REQUIREMENT:
Transcribe only the lines from the one containing "MACsposed 1.3.0 Screenshot" through the final line of the entries below, exactly, and exclude the pictures.
--- DATA IN THIS EXERCISE Enclosed Below ---
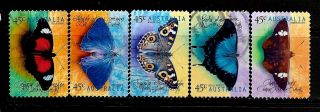 1998 Australia Full Set Of 5 Stamps Featuring Butterflies That Are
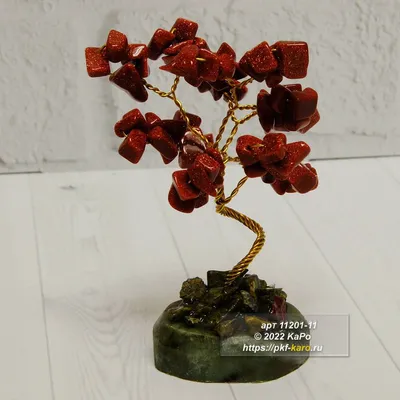 Купить Дерево счастья из коралла "Мелодия весны" в интернет-магазине  Подарок Камни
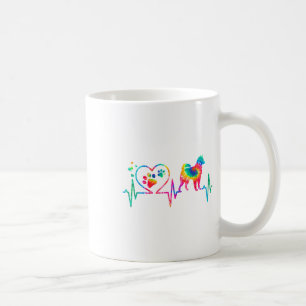 Mug Alaskan Klee Kai Maman Papa Hearbeat Tie Dye Chien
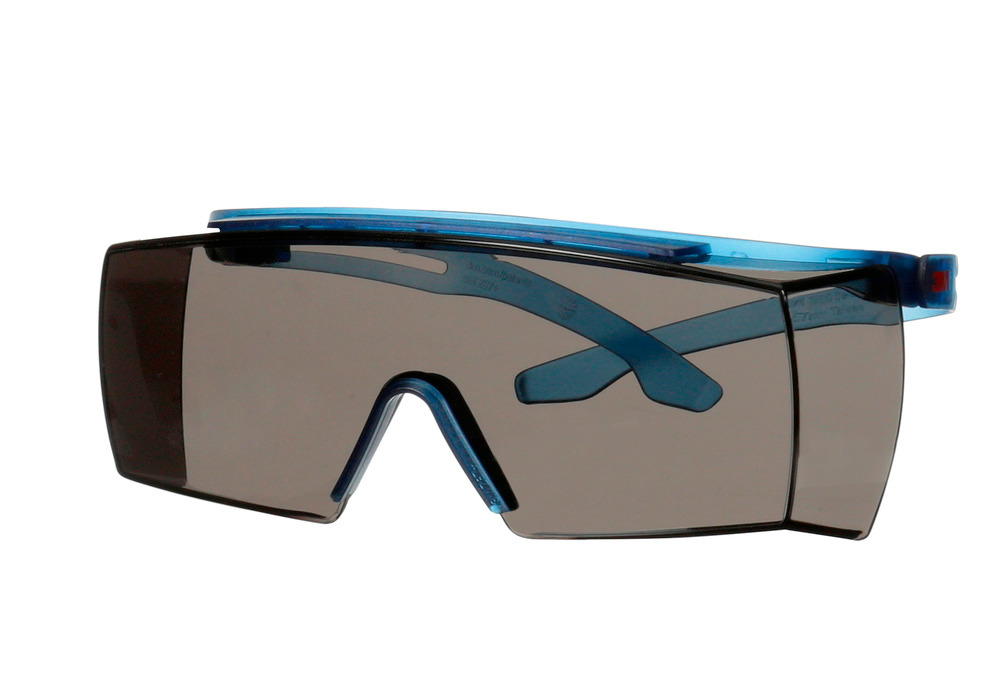 Skyddsglasögon 3M SecureFit 3700, grå, PC-glas, ögonbrynsskydd, SF3702XSGAF-BLU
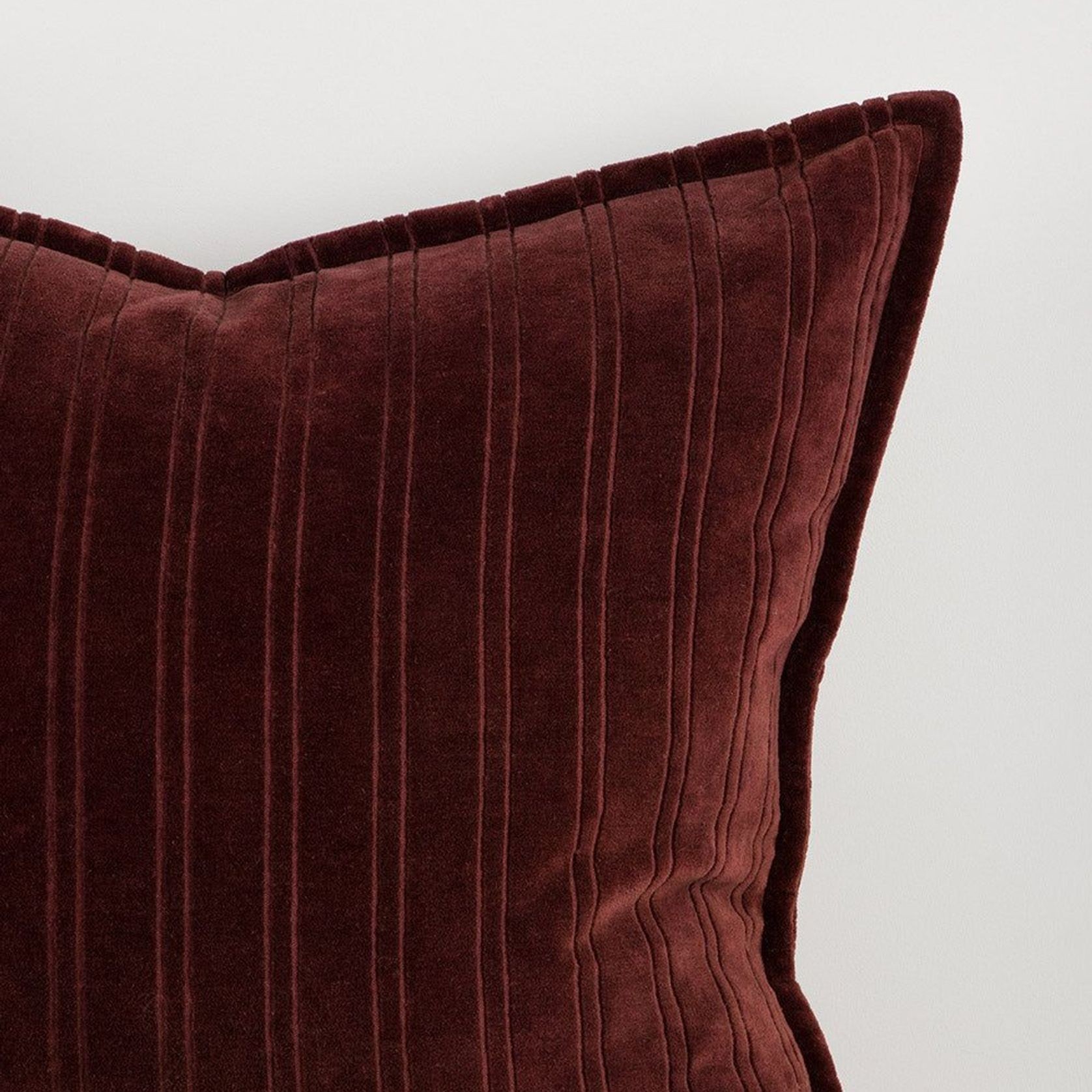 Baya Stria Cushion - Merlot gallery detail image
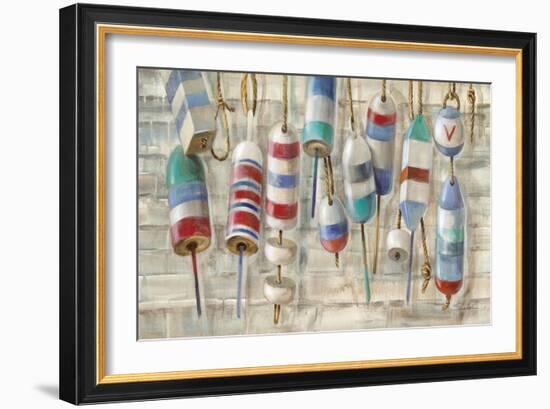 Summer Buoys-Silvia Vassileva-Framed Art Print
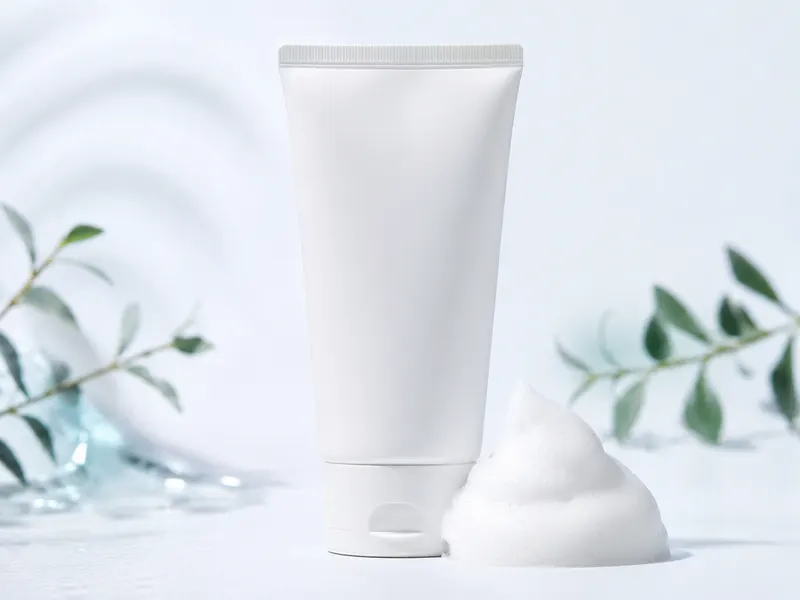 Facial cleanser cosmetic product format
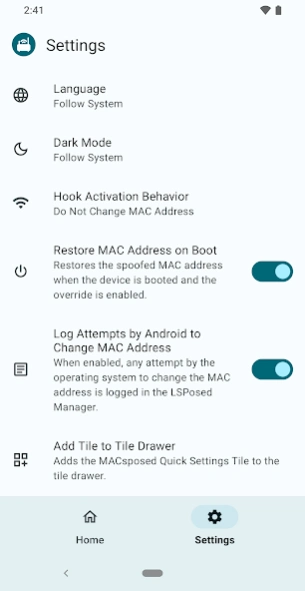 MACsposed 1.3.0 Screenshot
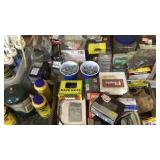 Misc. nuts, nails, screws, eye hooks, cable Misc. nuts, nails, screws, eye hooks, cable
--- End of Enclosed DATA IN THIS EXERCISE ---
YOUR SOLUTION:
 MACsposed 1.3.0 Screenshot
 Misc. nuts, nails, screws, eye hooks, cable Misc. nuts, nails, screws, eye hooks, cable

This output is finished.